Food Banks in Greater Boston Face the Double Challenge of High Demand and High Costs
In downtown Waltham, a line of people walked the busy school street Thursday afternoon. This is not the rush of the holidays. Rather, it’s the type of demand that the nonprofit Healthy Waltham regularly sees during the pantry it manages twice a month outside the city’s municipal building.
The pandemic has drawn more people to pantries – and high prices in grocery stores have kept them coming back. Greater Boston area nonprofits say demand is higher than at this time last year as more people rely on food donations to offset inflationary pressure. And for those who sell and transport food to people in need, rising prices and rising demand have been a double whammy on budgets.
Wang Yihao, an 83-year-old Waltham resident, arrived four hours earlier to lead the distribution of Healthy Waltham. He said he and his wife were feeling the pressure of higher prices. âWe have to come here to get charity,â he said. “The increase in the price of meat hurts us the most, and that of vegetables also has an impact.”
A few blocks down, Delmi Marroquim, 35, worried that the pantry might run out of many items by the time she got there. She said her husband, a construction worker, had recently found part-time work after a long pandemic shutdown, but feeding her young children had become more difficult due to inflation.
âFood prices are higher now,â said Marroquim, âI can’t buy as much as I used to because they have gone up so much. ”
These price increases also affect Boston area nonprofits. Sasha Purpura, executive director of the nonprofit Food For Free, said they had made more compromises than usual to cut costs. For example, this year they âsplurgedâ on cooking oil for many of their donation boxes. Normally a year-round staple, she said the cost of oil rose 10% in October alone. Rather than reducing, the association devoted a larger part of its budget to its purchase.
“It’s Thanksgiving, and we expect people to be doing a lot of cooking. It’s something a lot of families are struggling to afford. So we just made the decision to spend the dollars and buy the oil. Said Purpura.
The Greater Boston Food Bank, which distributes food to more than 600 partners including Food for Free, has received status reports of growing demand. Cheryl Schondek, senior vice president of food acquisition and supply chain, expects the nonprofit to distribute 10% more meals during the holiday season than the last year.
With prices rising year round, Schondek said the food bank started planning Thanksgiving in April. At the time, turkey prices had increased by 10%; now they are standing 24% in retail stores. And, she says, the price of sweet potatoes has gone up 28%. Global shortages are also impacting many of the basic items they need.
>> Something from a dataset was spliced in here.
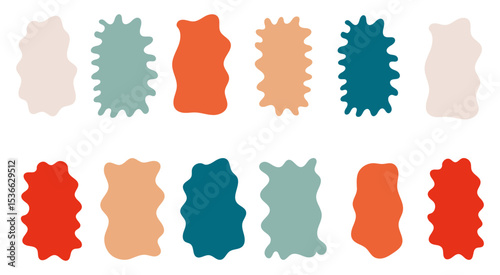 Retro vintage fluid organic frame box speech bubble rectangle form bubble set. Hand drawn doodle scribble sketch wavy dialog shapes.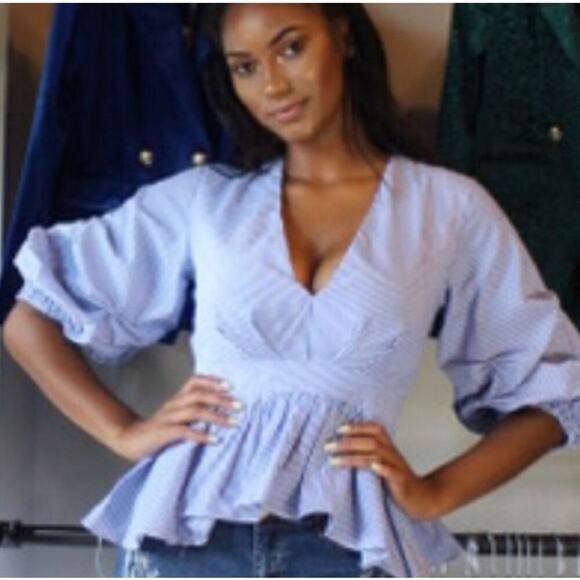 DO+BE Blue/White Boutique Pinstripe Ruffled Sleeve Plunge Top, S - Picture 1 of 8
âNot only were there shortages of truck drivers, but there were also shortages of supplies, like aluminum cans, cardboard boxes, wooden pallets. All of this has a negative effect on what we’re trying to achieve, âSchondek said.
As she watched Healthy Waltham employees stack 700 frozen turkeys for distribution, operations manager Maria Dimaggio said supply chain issues make it difficult to know what will be available.
âA specific example is milk and eggs,â Dimaggio said, âSometimes we can get them, sometimes we can’t. In addition, the meat, the chicken are inconsistent. A few pantries, we couldn’t get any chicken.
And after several years of increased demands on donors during the pandemic, nonprofits are hoping the fatigue hasn’t set in.
âPeople are extremely generous during this time and we hope they also understand that this need has not diminished,â Purpura said. “In fact, in many cases it got worse because of inflation.”
WATCH: Turkey with an Inflation Side: On a supply line in Waltham, Massachusetts.